ByoTic
ByoTic

Reputation: 333

Algorithm to find the shortest path in a matrix

I tried to find an algorithm for the following problem, but I couldn't.

you have a matrix, 10X6 if it matters. (10 on x dimension 6 on y dimension). the algorithm receives 2 point, the opening point and the target point. the array is full of 0's and 1's and it should find the shortest path of 1's between them, and return the first point in this path (the next point in the way to the target). But here's the catch:

each point can get the value only of the following points:

  1. the point above it.
  2. the point underneath it.
  3. the point left to it.
  4. the point right to it.

and to make things even harder: for every point, the value of other point may be different. for example:

  1. the opening point is 0,0. the value of 0,1 is 1;
  2. the opening point is 0,2. the value of 0,1 is 0.

I can calculate the value so it shouldn't matter for you... So I thought the only way to solve it is with recursion because of the last condition but if you find another way, you're welcome.

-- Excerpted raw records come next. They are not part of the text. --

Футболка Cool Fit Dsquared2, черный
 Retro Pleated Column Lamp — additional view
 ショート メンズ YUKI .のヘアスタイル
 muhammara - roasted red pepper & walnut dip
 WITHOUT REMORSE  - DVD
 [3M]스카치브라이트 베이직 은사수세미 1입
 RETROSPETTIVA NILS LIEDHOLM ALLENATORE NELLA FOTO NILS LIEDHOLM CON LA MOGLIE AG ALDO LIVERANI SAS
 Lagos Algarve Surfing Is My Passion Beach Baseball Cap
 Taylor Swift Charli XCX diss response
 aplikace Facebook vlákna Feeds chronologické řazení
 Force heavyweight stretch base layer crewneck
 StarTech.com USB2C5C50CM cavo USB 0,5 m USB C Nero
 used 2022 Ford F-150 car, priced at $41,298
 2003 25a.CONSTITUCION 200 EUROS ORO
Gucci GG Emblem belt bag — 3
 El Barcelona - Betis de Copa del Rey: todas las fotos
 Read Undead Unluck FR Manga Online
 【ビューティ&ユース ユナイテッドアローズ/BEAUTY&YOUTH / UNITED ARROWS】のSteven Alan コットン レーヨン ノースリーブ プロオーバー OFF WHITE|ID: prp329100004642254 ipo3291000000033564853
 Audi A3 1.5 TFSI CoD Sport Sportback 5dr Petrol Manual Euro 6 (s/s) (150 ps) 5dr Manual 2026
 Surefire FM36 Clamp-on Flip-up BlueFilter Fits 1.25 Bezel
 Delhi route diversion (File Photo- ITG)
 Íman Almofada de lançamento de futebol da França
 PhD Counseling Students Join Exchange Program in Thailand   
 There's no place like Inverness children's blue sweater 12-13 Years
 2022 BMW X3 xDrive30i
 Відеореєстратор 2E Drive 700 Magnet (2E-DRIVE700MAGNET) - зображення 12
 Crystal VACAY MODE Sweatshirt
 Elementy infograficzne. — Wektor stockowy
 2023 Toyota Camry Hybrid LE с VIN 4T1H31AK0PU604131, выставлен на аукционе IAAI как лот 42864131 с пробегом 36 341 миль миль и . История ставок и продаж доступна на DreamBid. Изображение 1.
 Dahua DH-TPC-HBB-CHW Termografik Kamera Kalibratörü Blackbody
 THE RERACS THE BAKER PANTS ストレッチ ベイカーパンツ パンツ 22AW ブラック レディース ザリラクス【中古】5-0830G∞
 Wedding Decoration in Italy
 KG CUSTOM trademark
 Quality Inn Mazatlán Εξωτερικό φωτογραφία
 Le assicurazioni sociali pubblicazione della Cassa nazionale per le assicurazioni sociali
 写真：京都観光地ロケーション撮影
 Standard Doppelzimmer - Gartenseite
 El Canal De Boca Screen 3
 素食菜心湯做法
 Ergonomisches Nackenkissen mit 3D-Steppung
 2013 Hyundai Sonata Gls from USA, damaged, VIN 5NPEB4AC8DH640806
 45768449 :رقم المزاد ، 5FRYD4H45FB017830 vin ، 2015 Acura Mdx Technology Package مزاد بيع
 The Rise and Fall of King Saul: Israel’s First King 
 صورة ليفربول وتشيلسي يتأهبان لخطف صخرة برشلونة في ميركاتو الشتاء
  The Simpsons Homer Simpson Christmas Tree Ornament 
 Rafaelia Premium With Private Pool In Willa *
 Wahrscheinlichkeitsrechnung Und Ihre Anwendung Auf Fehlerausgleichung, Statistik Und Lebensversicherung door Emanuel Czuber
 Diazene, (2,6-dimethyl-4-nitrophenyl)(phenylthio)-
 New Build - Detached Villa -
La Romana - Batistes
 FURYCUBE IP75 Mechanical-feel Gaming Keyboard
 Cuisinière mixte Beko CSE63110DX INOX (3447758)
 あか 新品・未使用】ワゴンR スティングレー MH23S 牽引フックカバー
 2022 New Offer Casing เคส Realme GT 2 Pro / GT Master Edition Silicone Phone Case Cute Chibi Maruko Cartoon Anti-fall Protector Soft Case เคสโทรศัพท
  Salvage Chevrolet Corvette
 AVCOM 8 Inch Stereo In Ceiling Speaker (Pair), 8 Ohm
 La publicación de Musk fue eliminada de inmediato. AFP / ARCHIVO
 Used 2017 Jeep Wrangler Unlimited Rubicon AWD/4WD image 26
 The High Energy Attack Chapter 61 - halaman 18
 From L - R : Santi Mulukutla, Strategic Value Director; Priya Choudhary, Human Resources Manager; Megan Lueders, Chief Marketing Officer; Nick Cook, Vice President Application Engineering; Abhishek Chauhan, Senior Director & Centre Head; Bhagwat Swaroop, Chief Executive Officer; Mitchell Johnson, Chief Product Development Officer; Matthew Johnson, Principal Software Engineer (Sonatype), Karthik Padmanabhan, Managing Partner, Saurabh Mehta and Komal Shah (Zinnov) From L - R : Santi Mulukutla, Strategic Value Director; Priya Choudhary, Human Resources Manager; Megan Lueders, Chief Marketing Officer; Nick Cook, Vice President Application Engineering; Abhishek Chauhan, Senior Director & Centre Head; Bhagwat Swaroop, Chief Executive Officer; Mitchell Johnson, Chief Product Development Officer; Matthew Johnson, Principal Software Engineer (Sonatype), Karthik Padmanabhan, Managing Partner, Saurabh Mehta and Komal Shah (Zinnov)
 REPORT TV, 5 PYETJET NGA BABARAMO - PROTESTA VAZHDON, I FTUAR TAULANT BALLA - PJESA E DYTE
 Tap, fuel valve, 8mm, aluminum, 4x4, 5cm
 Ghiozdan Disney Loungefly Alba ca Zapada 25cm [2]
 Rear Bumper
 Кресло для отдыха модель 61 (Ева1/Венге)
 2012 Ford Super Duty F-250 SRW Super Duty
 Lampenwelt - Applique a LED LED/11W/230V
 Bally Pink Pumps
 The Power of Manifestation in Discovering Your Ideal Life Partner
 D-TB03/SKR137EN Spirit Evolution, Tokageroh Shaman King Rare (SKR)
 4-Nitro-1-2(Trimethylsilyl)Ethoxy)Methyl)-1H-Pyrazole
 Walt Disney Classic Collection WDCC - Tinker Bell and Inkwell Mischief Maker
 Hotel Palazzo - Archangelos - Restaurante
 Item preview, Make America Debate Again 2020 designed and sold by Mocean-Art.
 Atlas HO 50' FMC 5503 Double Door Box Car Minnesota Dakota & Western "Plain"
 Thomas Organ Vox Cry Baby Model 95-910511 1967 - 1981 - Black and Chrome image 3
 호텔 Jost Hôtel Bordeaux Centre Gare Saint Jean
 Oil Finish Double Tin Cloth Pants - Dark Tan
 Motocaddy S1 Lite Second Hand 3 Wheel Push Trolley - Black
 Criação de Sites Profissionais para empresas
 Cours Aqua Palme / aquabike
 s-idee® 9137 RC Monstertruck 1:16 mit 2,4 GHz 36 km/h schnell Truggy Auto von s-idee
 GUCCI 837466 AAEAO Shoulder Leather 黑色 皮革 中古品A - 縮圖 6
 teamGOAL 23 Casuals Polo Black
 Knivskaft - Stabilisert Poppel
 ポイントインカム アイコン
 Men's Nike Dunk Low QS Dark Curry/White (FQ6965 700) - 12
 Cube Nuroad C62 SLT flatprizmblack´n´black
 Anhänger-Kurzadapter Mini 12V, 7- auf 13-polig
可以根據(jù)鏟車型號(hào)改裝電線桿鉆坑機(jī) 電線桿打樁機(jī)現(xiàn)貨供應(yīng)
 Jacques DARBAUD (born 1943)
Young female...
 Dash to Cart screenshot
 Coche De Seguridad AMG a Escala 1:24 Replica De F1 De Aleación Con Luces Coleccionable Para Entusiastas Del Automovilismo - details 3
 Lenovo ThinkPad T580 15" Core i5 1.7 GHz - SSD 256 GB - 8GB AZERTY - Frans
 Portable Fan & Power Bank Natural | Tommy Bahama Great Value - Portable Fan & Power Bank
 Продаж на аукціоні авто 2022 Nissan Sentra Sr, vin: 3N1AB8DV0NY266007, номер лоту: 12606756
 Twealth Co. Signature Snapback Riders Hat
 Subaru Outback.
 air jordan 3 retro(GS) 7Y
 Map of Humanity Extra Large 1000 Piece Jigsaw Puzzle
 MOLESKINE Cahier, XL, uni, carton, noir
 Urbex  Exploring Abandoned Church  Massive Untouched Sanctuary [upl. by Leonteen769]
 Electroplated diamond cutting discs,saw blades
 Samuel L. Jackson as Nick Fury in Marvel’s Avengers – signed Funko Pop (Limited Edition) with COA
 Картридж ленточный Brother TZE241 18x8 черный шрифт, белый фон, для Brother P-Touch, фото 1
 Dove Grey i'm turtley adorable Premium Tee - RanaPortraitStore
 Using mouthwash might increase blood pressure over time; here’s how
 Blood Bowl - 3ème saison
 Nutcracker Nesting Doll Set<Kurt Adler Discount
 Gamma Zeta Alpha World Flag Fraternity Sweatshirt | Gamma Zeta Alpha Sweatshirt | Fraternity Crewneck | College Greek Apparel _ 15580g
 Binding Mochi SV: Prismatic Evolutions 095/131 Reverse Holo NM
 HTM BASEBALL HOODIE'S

The solution should be in LUA, C# or JAVA.

Upvotes: 2

Views: 16334

Answers (1)

Thomas
Thomas

Reputation: 1090

You can simply interpret your matrix as a graph. Every cell (i,j) corresponds to a node v(i,j) and two nodes are connected if an only if their corresponding cells are neighbors and both are set to 1.

The example matrix below has the four vertices v(0,0), v(0,1), v(1,0), and v(1,1), with edges {v(0,0),v(0,1)} and {v(0,1),v(1,1)} (the vertex v(1,0) is isolated).

1 1
0 1

As your graph is unweighted, you can simply use a breadth-first search (BFS) to find a shortest path. For pseudocode see: http://en.wikipedia.org/wiki/Breadth-first_search#Pseudocode

Your restriction that every entry in a matrix only knows its neighboring entries does not matter. When talking about graphs, this means that ever vertex knows its neighbors, which is exactly what you need in the BFS. Using a different graph when searching from different starting points does not make the problem harder either.

Just two comments to the poseudocode linked above:

  1. It only checks whether there is a connection or not. If you actually want to have the shortest path, you need to change the following. When a new vertex u is added to the queue when seen from its neighbor t, you have to store a link at u pointing to t. When you finally found your target, following back the links gives you the shortest path.

  2. Using a set to store which elements are already visited is inefficient. In your case, just use a boolean matrix of the same size as your input matrix to mark vertices visited.